Exercise prompt:
What you return should be only the lines in the entries below between the one holding "volkswagen caddy life" and the one holding "Hosen: Reit Western", ends included, with every picture left out.

Records to process:
=====
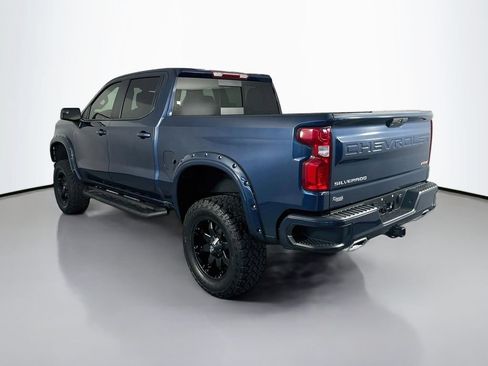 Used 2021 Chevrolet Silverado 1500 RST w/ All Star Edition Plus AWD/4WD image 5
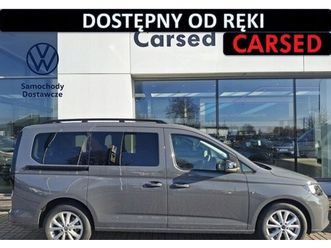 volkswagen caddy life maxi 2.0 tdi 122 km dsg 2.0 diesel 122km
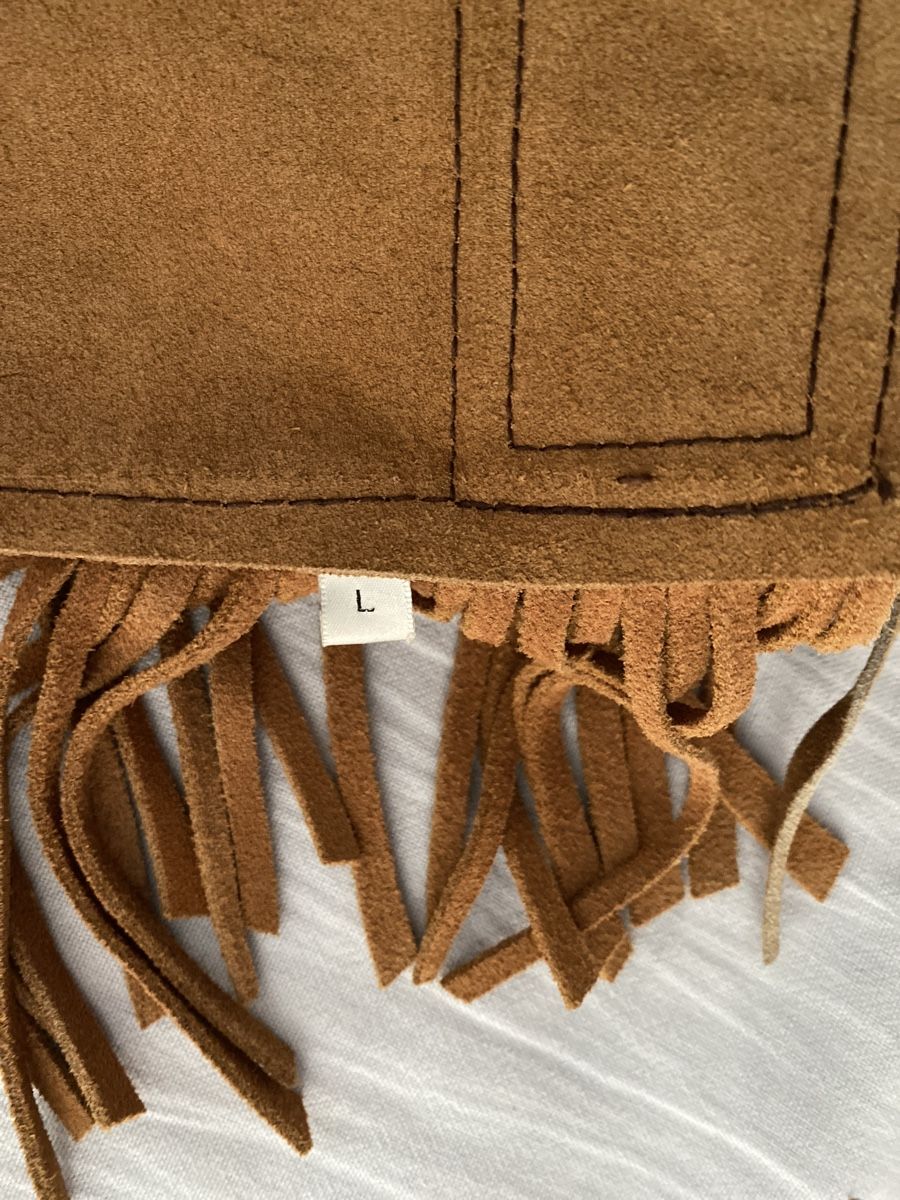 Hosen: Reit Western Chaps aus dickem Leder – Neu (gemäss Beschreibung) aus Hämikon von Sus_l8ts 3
=====
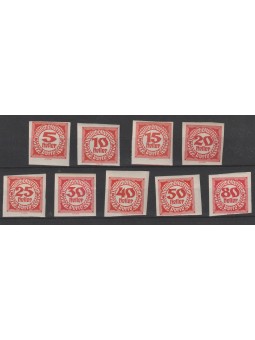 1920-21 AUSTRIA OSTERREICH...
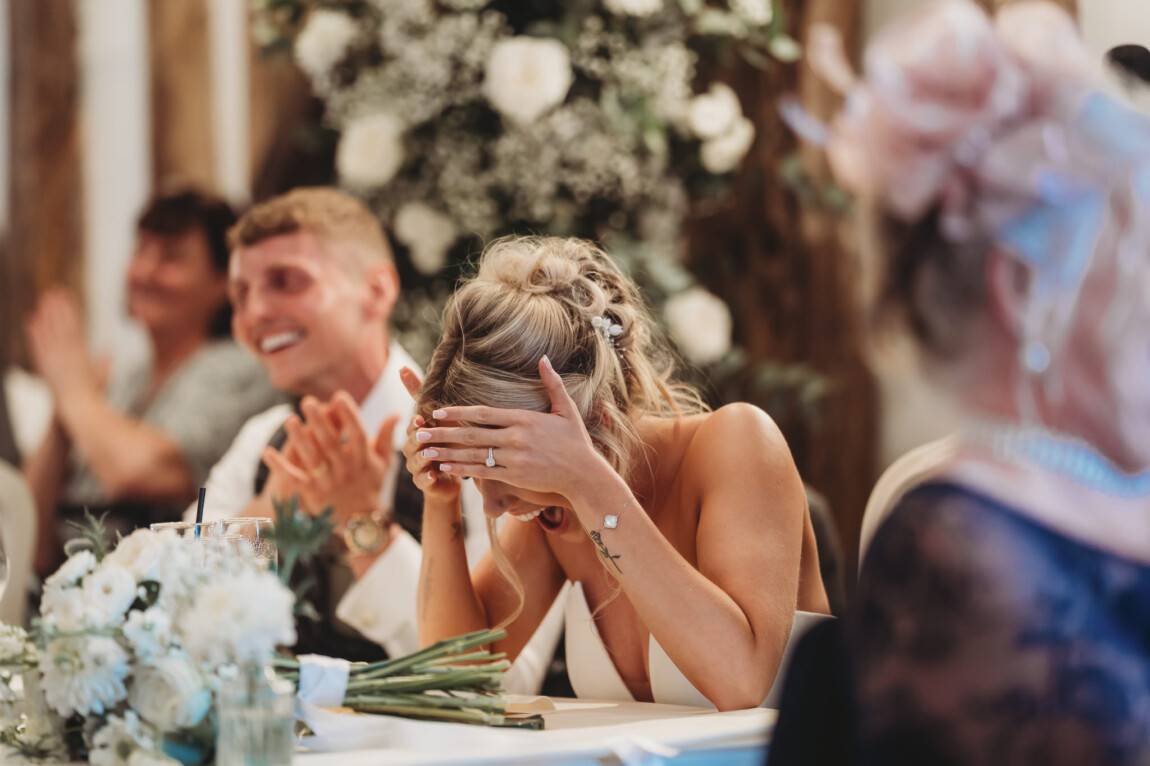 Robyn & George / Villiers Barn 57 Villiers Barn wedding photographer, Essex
=====
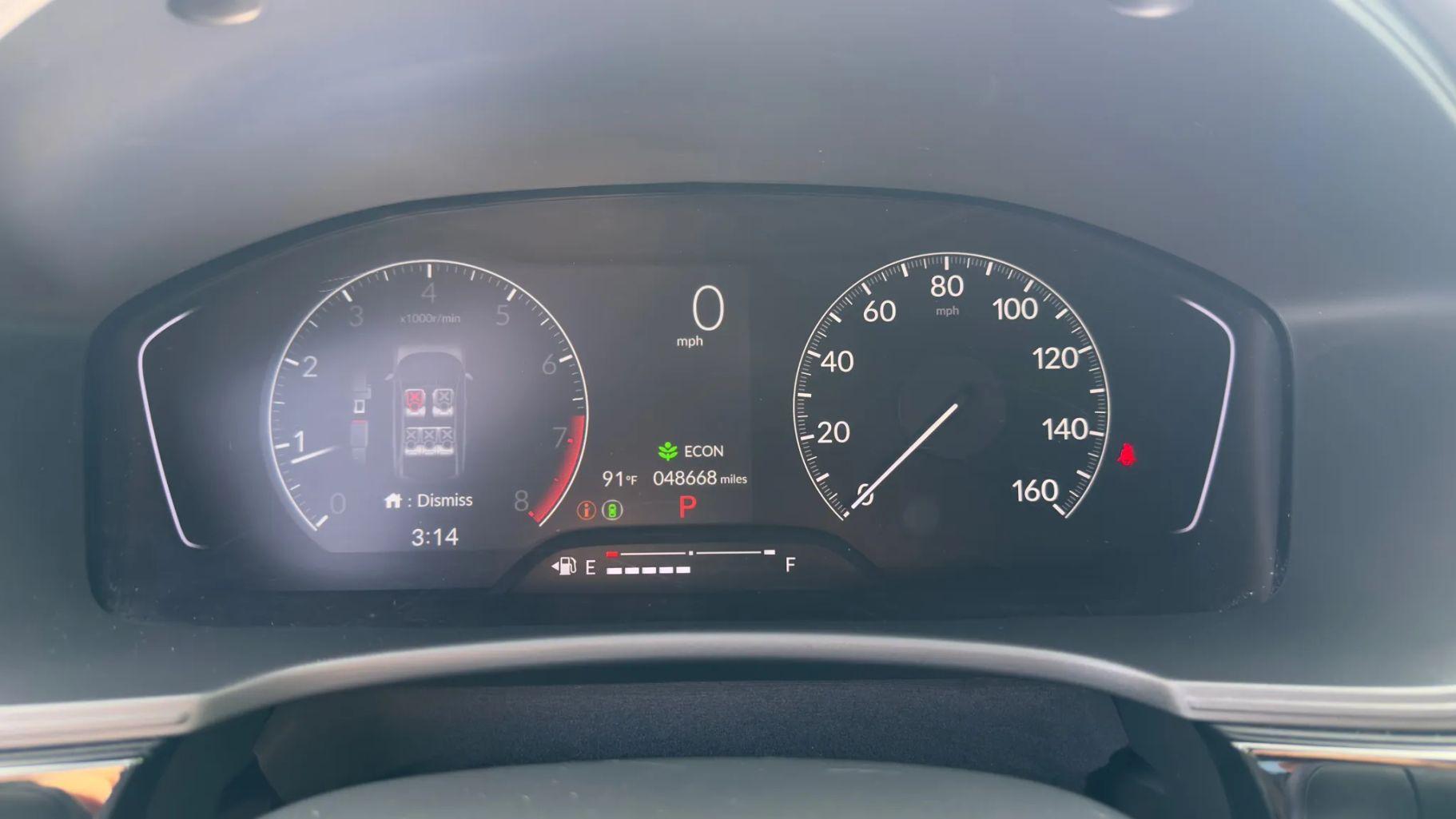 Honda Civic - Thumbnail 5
=====
Solution:
 volkswagen caddy life maxi 2.0 tdi 122 km dsg 2.0 diesel 122km
 Hosen: Reit Western Chaps aus dickem Leder – Neu (gemäss Beschreibung) aus Hämikon von Sus_l8ts 3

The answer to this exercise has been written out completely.